Not much to see, unfortunately–its night and basically there’s just a big fireball. But there are a few glimpses of the vehicle a few tens of meters up, and once it lands you can see that it’s upright but in a different position. So it managed to do something without tipping over or exploding.
First use of a full-flow staged combustion engine on an actual vehicle (not just a test stand). Making good progress…
(Incidentally, they seemed to have set off quite the brush fire. Hopefully they can contain that soon.)
Fantastic!
Now that the livestream is over, I can link to the right spot.
This is better, though: an engine cam view. Those are some beautiful mach diamonds.
Also:
The rocket literally was put together by a water tower company. I have a feeling this is a first for them.
200 meter hop coming in a week or two. Hopefully daytime. SpaceX launches have gotten too routine lately–I miss the Grasshopper days! And while I don’t hope that they blow one up, I do hope they’re pushing hard enough that a kaboom is a real possibility. And I will enjoy watching if it does happen. The occasional reminder that space is hard is always a good thing.
How to catch a pallet with three million bucks falling from the sky
Well, not quite, but a fairing half is worth about $3M, and that’s a video of it landing gently on a net in the middle of the ocean. Pretty neat.

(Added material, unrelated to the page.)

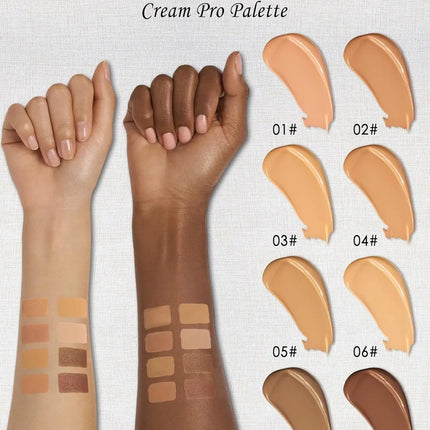 8 Color Cream Contour Palette Makeup, Long Lasting Full Coverage Concealer for Black Women, Contouring Foundation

They seem to be getting the hang of the fairing landings, so I wonder if they’ll build another net boat. I think they’re still fishing the other half out of the water, but it had to be nicer without the immersion.
As for the launch, this was another AMOS mission, which you may remember from before as the one that exploded during ground testing. This one did not explode, but it was such a high-energy launch that they expended the first stage. Still, it was the third use of the booster, so it still had a decent life. I recall speculating earlier if they’d occasionally take older boosters and use them in expendable mode instead of continuing to refurbish them. It seems that may be the case.
In other SpaceX news, the attempt at a 200m hover and translation test for Starhopper is scheduled tentatively for tomorrow at 2100 UTC, or 4pm Central time. It should be a pretty good show!
Also, Musk’s presentation of the next rev of the Starship/Superheavy design, which was scheduled for August 24, has been postponed until after the next milestone for Starship, which will be a suborbital flight of one of the first two Starships with three Raptor engines. Apparently (and amazingly) this could happen as soon as mid-September. Musk says both new full-sized prototypes will be ready for initial flight tests in a month or so.
I find the speed of development of these things to be almost unbelievable. These rockets have all been under construction for less than a year. Apparently, progress on the two full-sized prototypes is going so fast that the Starhoppers may be obsolete by next month.
Musk is still holding to his claim that he believes Starship will be capable of Single-Stage-To-Orbit, without its booster. Again, that’s hard to believe, but if it’s true, it’s yet another vehicle configuration that could be very useful, and for anyone else just that would have been an amazing accomplishment that would revolutionize space travel. But for Musk it’s apparently just an interesting side benefit.
Assuming Starship flies, this will be Kelly Johnson-Skunkworks level development speed the likes of which we haven’t seen since the 1960’s. Tell NASA to build a giant 100 passenger reusable spaceship, and it would take them longer than this just to do the preliminary feasibility and decide which centers get the jobs if they ever built the thing. Then they’d offer a 10 year plan and cost it at $100 billion or something. Then it would struggle along without funding for a few years, then get cut by the next administration.